Ebu Ümame ibni Sehl, Said b. Sa'd b. Ubade'den naklediyor:
"Evlerimiz arasında, vücut yapısı çok zayıf bir insan vardı. Bir gün mahallenin cariyelerinden birisi ile aniden, kötü bir halde yakalandı. Bunun üzerine Sa'd b. Ubade durumu Rasulullah (sav)'e bildirdi. Bu adam, Müslüman bir kimse idi. Allah Rasülü ona, had vurulmasını emretti. Dediler ki: Ey Allah Rasülü! O Adam sanıldığından daha zayıf yapılıdır. Şayet ona yüz sopa vurursak, onu öldürürüz.
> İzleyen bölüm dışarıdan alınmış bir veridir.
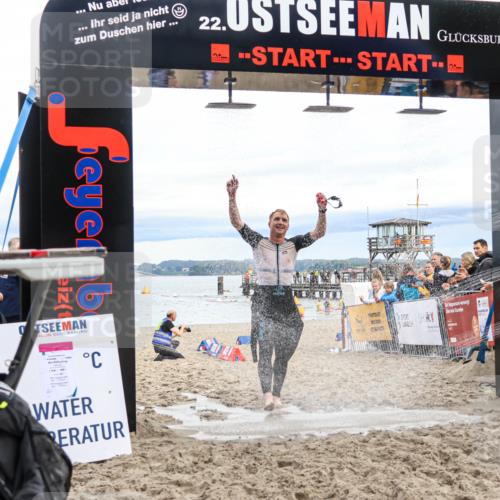 04.08.2024 - OstseeMan Strokosch-Dieckow http://msf.ph/oto/6681799 04.08.2024 08:00:55 Schwimmen 30, 30, 1116 meine-sportfotos.de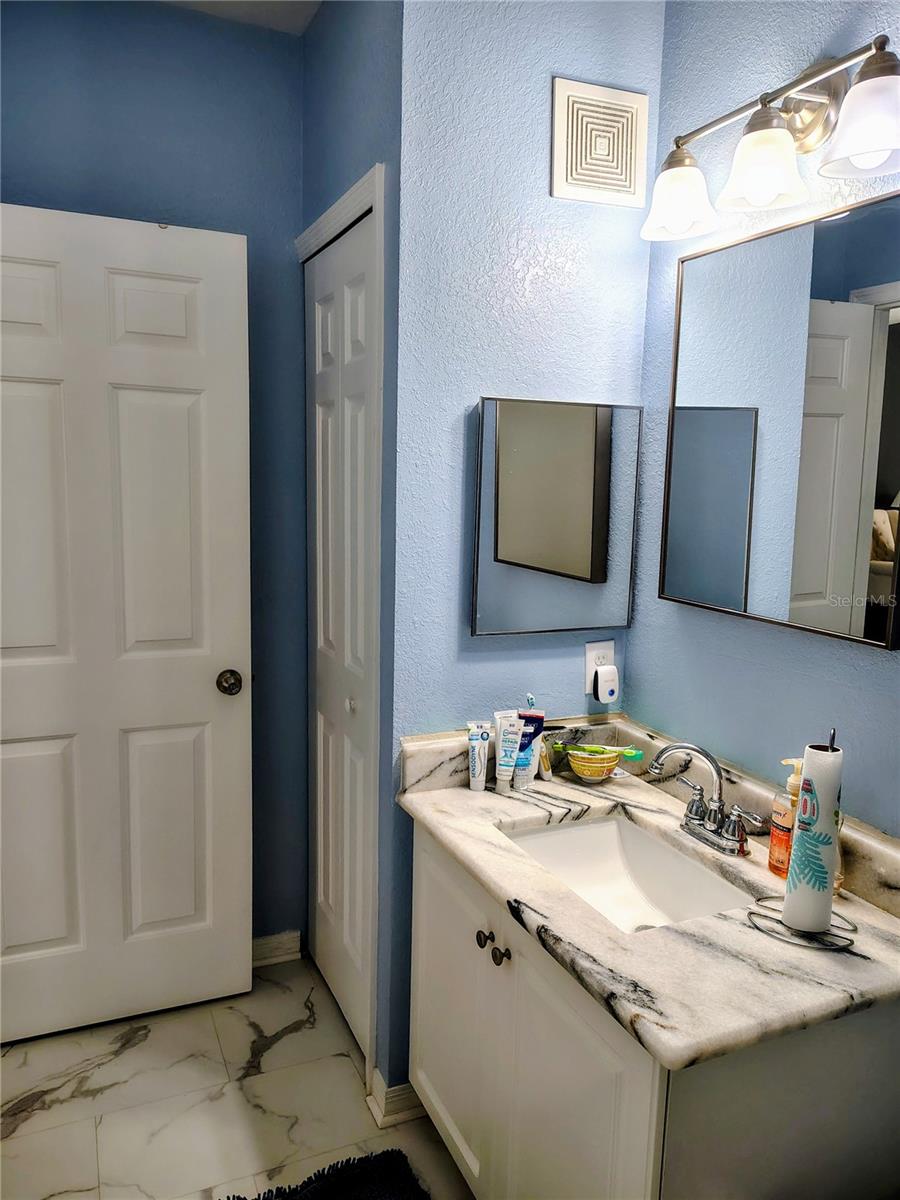 5550 E Michigan St #2328 Property Photo 16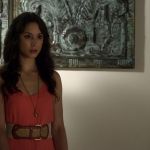 Pretty_Little_Liars_S03E03_BluRay_Rip_720p_Dual_Audio_WWW_TORRENTDOSFILMES_COM_0591.jpg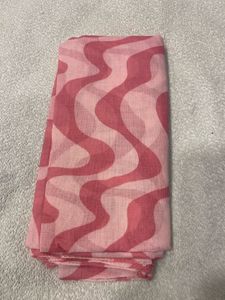 Classic Women’s Cotton Printed Dress Material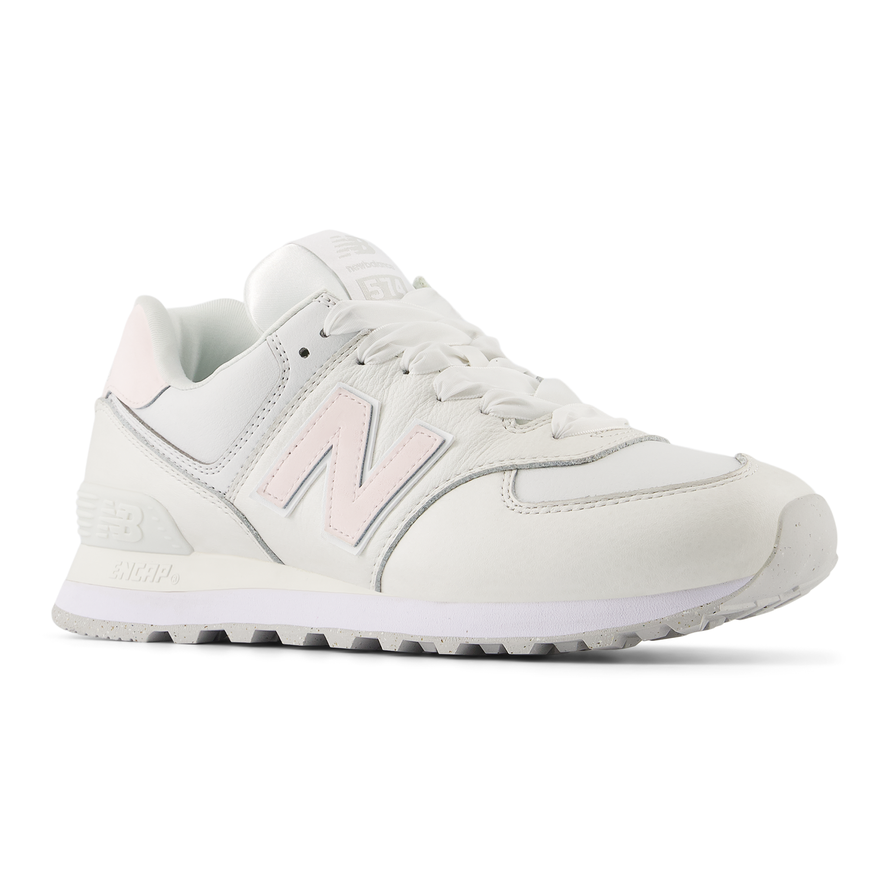 New balance kl572 online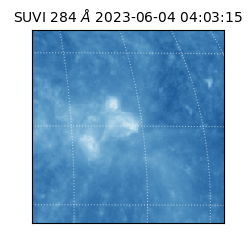 suvi - 2023-06-04T04:03:15.352000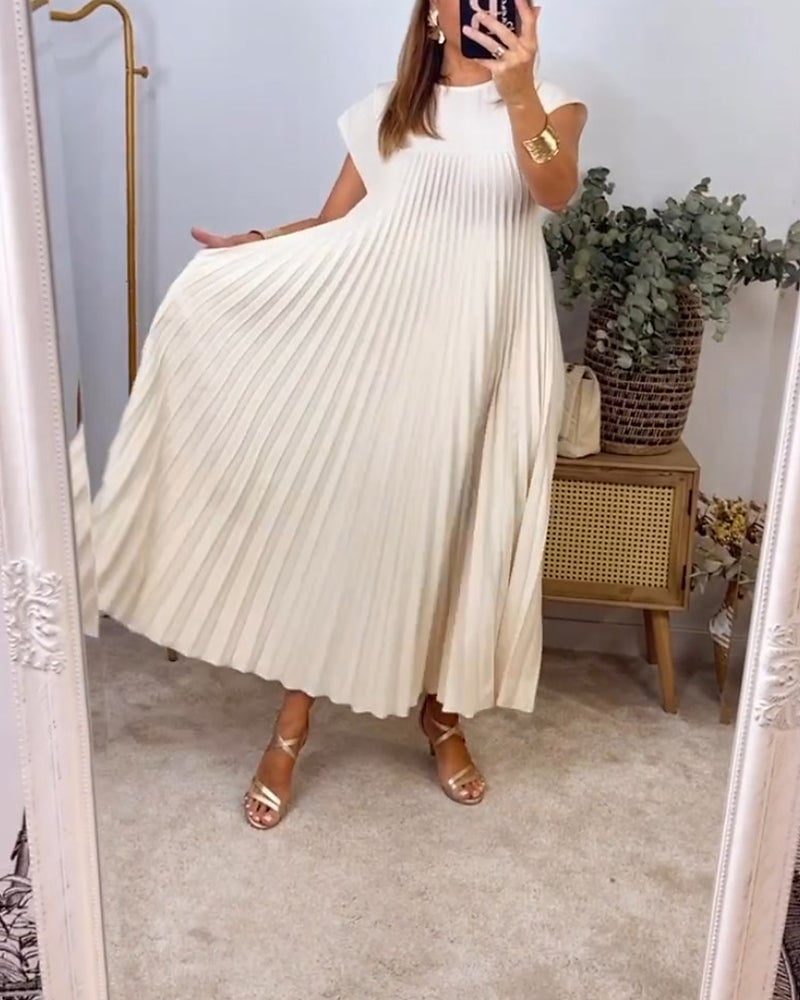 Portman™ | Elegance Dress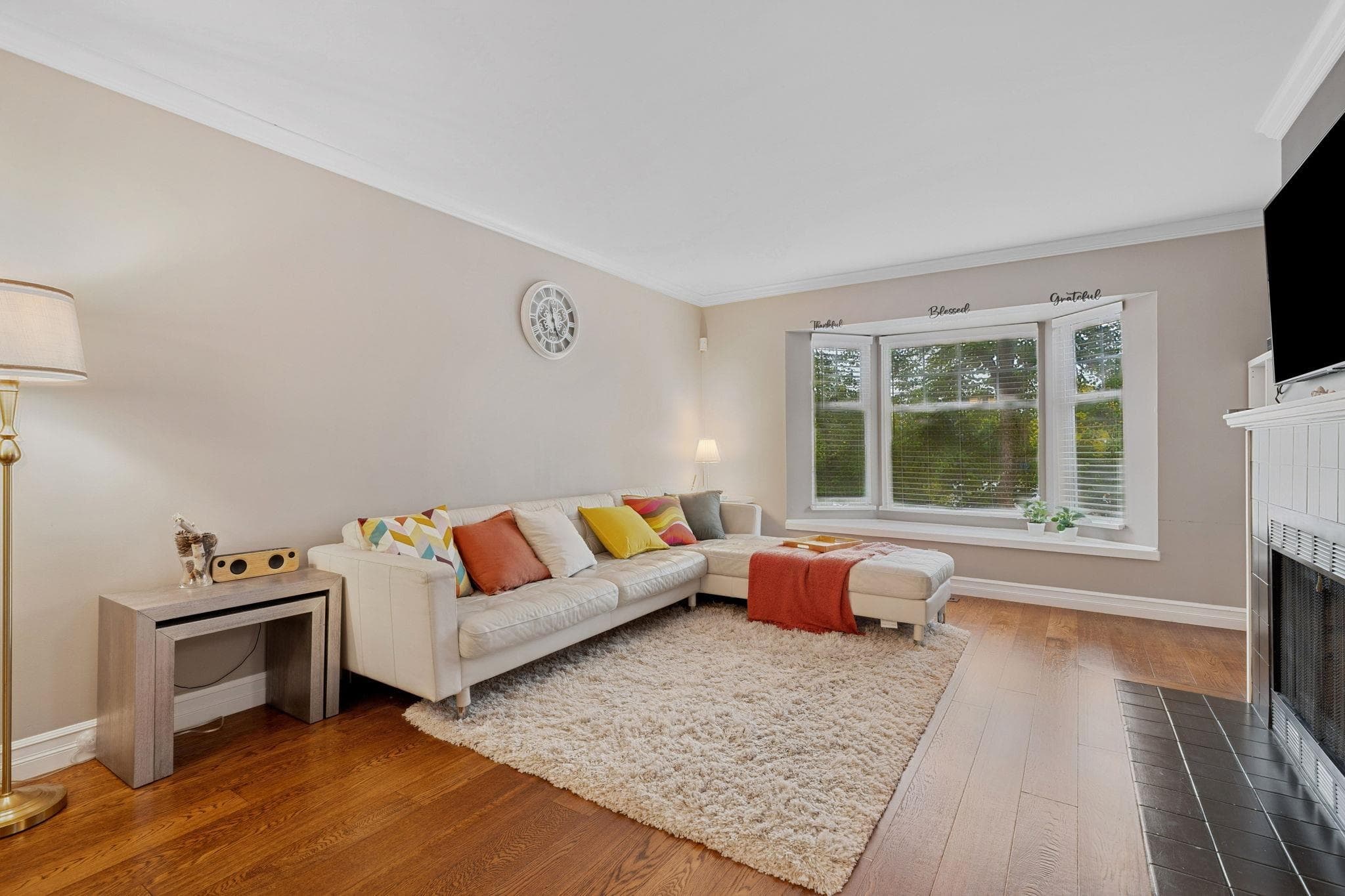 39 - 1140 Falcon Drive, Coquitlam, V3E 2J8 — photo 3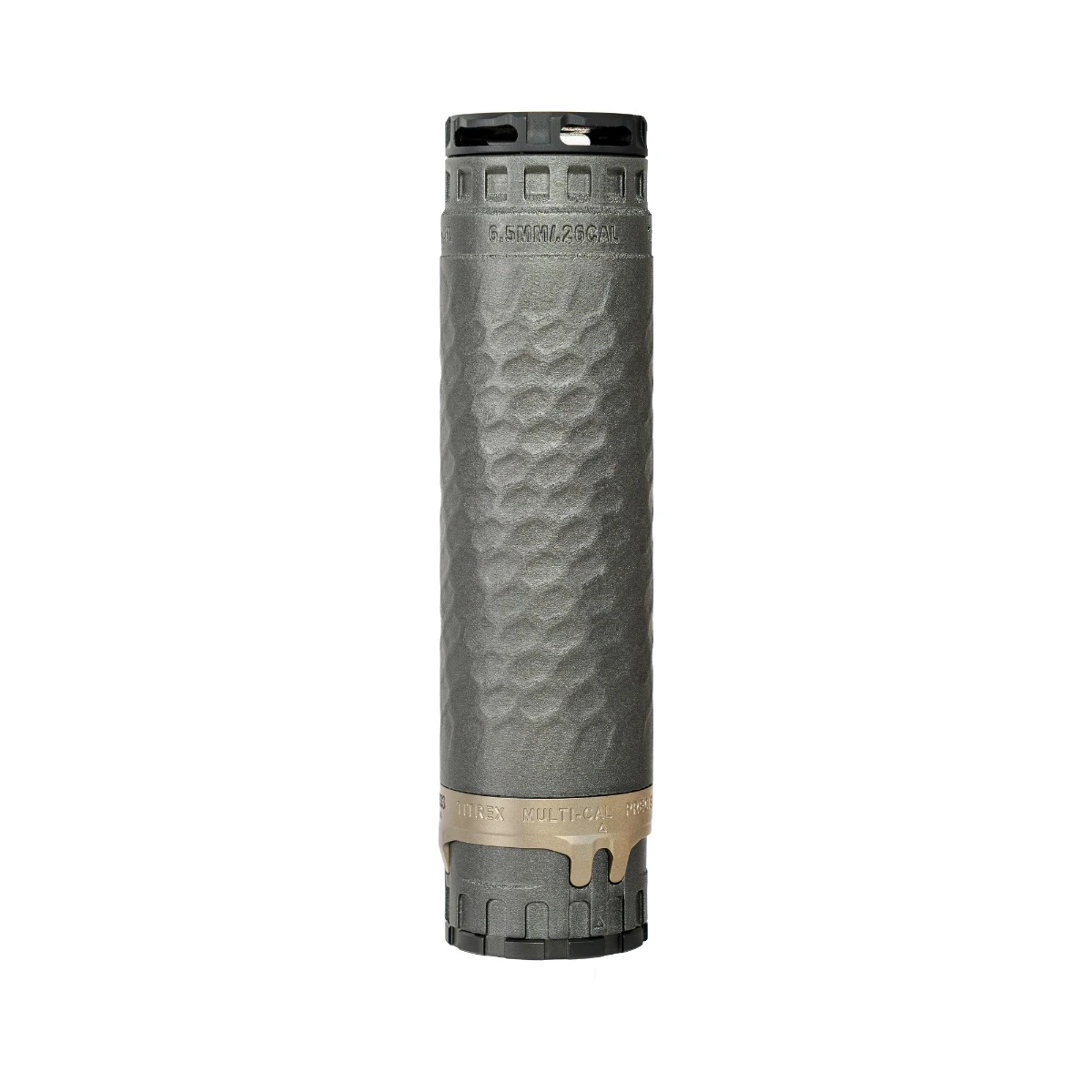 Image of Precision Armament TiTrex-260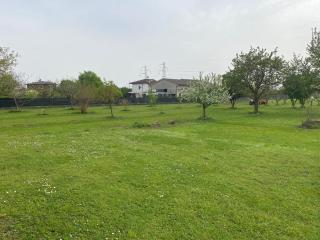 Villa Rondine - Corno Alto - 4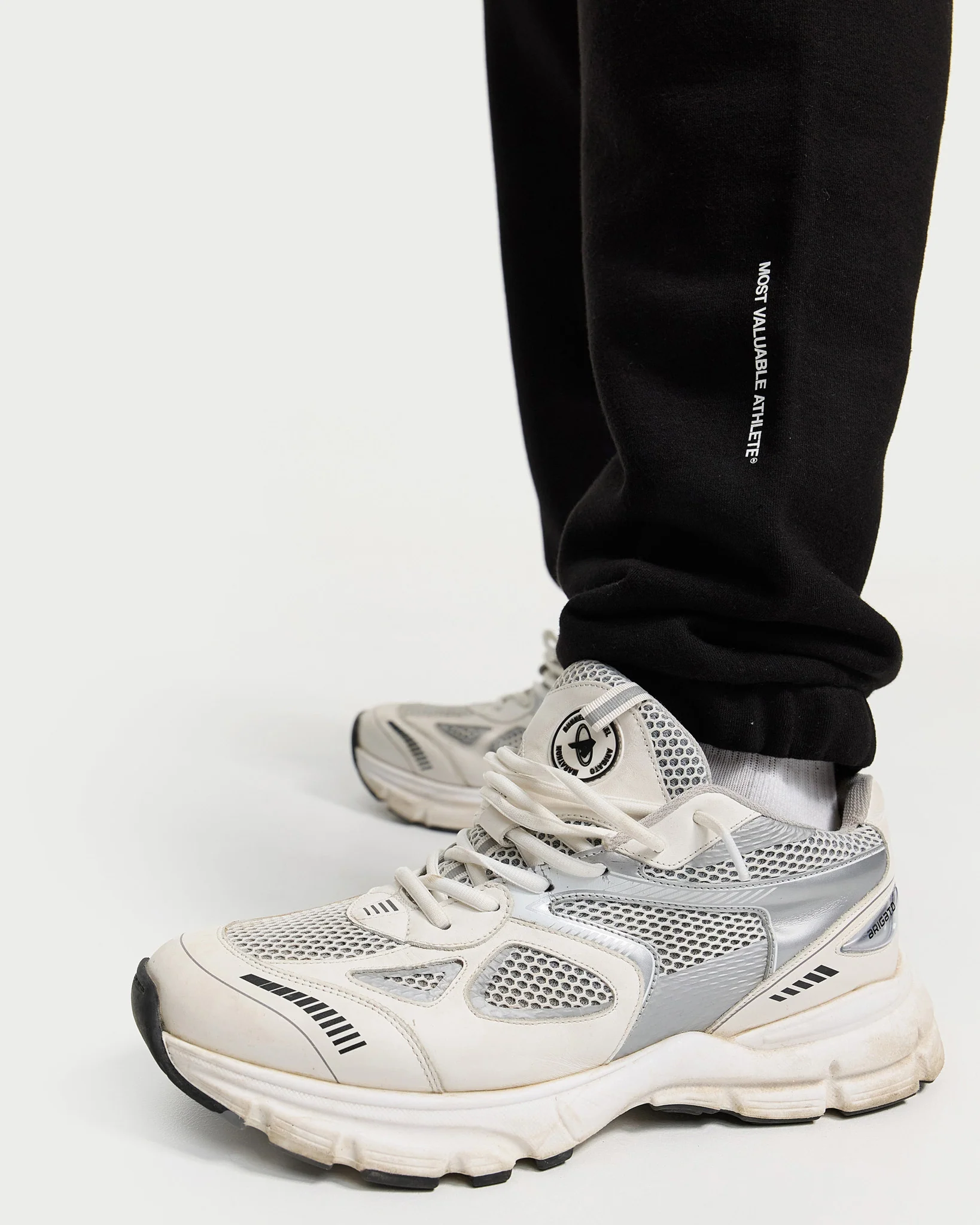 MVA Jogger - Image 29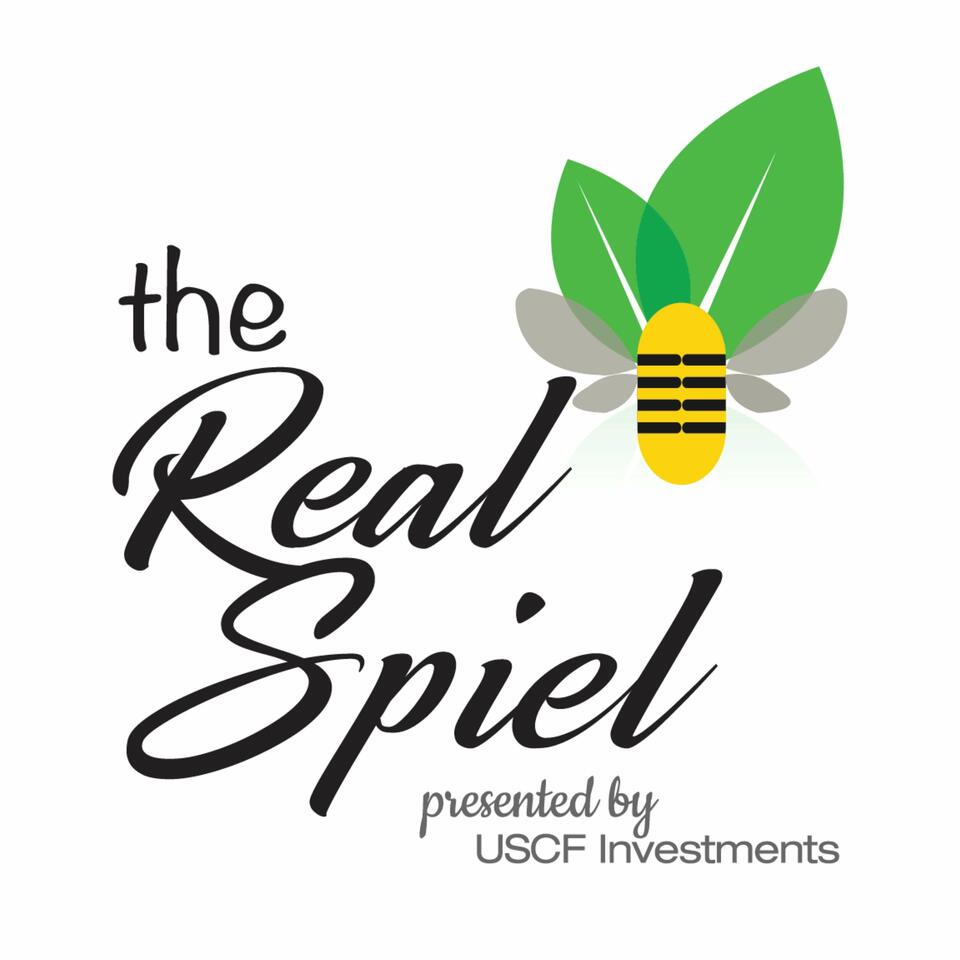 The Real Spiel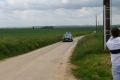 P1000762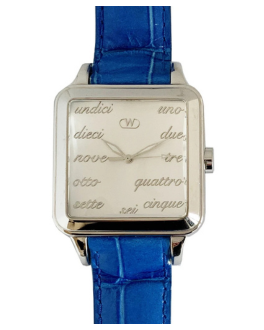 WINTEX_MILANO_SQUARE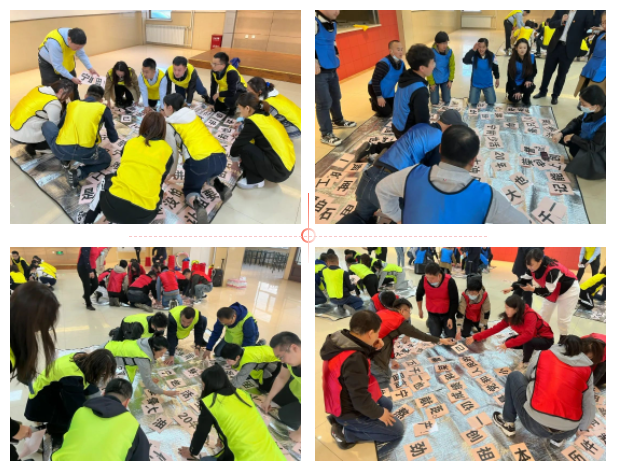 J9.COM��(�й�����)�ٷ���վ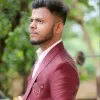 Prashik Durge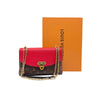 LOUIS VUITTON モノグラム・サンフラシード L587519 158578196 [P]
Efendimiz: Öyleyse onun için yüz saçaklı bir hurma dalı alın ve ona, dal ile bir kere vurun." *
Bu hadis kendisine had vurulmasını kaldıramayacak derecede zayıf yapılı olan bir kimseye -ki bu kişi ister hastalıktan kurtulamayışı nedeniyle zayıf bir halde olsun isterse bünye itibarıyla zayıf bir kimse olsun- hafif bir şekilde vurulacağına işaret etmektedir. Hadisin bir başka rivayetinde, şu ifadeler yer almaktadır:
"...Adamı sana getirmeye kalksan kemikleri kırılıp dağılacaktır; bir deriden bir kemikten başka bir şey değildir." *
Mutlak bir zafiyet, hafif bir şekilde had vurmayı gerektirir. Hastalık da zayıflık demektir. Hadisin mefhumu şudur; Zafiyetten sonra güçlenme veya hastalıktan kurtulma durumu söz konusu ise, gereken had vuruluncaya kadar beklenir.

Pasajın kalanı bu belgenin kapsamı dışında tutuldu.